This study looked at the relationship between two substances in the blood, LDL-cholesterol (LDL-C) and lipoprotein(a) (Lp(a)), and their connection to coronary heart disease (CHD). They wanted to see if having high levels of Lp(a) increased the risk of CHD, especially when LDL-C levels were low (≤ 100 mg/dL), and the participants were not using statin therapy.
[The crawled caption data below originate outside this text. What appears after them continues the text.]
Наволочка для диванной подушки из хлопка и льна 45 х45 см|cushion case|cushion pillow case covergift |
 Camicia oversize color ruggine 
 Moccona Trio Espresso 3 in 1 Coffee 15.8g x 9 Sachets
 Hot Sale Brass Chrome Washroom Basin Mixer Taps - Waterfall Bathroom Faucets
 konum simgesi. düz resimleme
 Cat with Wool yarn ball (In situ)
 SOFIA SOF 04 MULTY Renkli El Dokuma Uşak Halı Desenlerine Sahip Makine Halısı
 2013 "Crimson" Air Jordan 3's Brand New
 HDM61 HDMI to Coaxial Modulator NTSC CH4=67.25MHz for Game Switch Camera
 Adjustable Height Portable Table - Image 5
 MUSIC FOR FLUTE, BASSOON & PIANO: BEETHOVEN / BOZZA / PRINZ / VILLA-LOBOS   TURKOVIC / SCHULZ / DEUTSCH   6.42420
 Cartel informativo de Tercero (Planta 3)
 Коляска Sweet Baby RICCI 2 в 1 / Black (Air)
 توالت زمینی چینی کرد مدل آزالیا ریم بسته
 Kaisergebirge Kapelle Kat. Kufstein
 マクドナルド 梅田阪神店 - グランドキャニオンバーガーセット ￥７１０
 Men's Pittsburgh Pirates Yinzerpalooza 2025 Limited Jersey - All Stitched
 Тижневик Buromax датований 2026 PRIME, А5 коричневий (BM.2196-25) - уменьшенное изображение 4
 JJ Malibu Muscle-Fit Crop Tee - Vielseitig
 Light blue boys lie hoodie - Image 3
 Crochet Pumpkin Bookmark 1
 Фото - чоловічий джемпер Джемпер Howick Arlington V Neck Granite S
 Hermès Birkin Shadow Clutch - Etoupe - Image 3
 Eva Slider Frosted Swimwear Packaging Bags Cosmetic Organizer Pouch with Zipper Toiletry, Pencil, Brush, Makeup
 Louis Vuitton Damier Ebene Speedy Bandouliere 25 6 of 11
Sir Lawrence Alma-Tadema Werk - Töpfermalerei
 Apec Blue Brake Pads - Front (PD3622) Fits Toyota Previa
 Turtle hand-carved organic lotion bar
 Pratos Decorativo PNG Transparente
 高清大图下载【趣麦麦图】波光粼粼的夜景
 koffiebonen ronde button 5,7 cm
They studied 4,585 people from different ethnic backgrounds and divided them into four groups based on their LDL-C and Lp(a) levels. They followed these participants for around 13 years and recorded any cases of CHD events that occurred.
The results showed that having high levels of Lp(a) increased the risk of CHD events, regardless of whether the LDL-C levels were low or high. Those with low LDL-C and high Lp(a) had a higher risk of CHD compared to those with low LDL-C and low Lp(a). Similarly, those with high LDL-C and high Lp(a) also had an increased risk.
In conclusion, this study suggests that elevated Lp(a) is an important risk factor for CHD, even when LDL-C levels are well-controlled without statin therapy. People with high Lp(a) may benefit from more aggressive preventive measures to reduce their risk of heart disease.
Source: Rikhi R, Hammoud A, Ashburn N, Snavely AC, Michos ED, Chevli P, Tsai MY, Herrington D, Shapiro MD. Relationship of Low-Density Lipoprotein-Cholesterol and Lipoprotein(a) to Cardiovascular Risk - the Multi-Ethnic Study of Atherosclerosis (MESA). Atherosclerosis. 2022 Dec; 363: 102-108.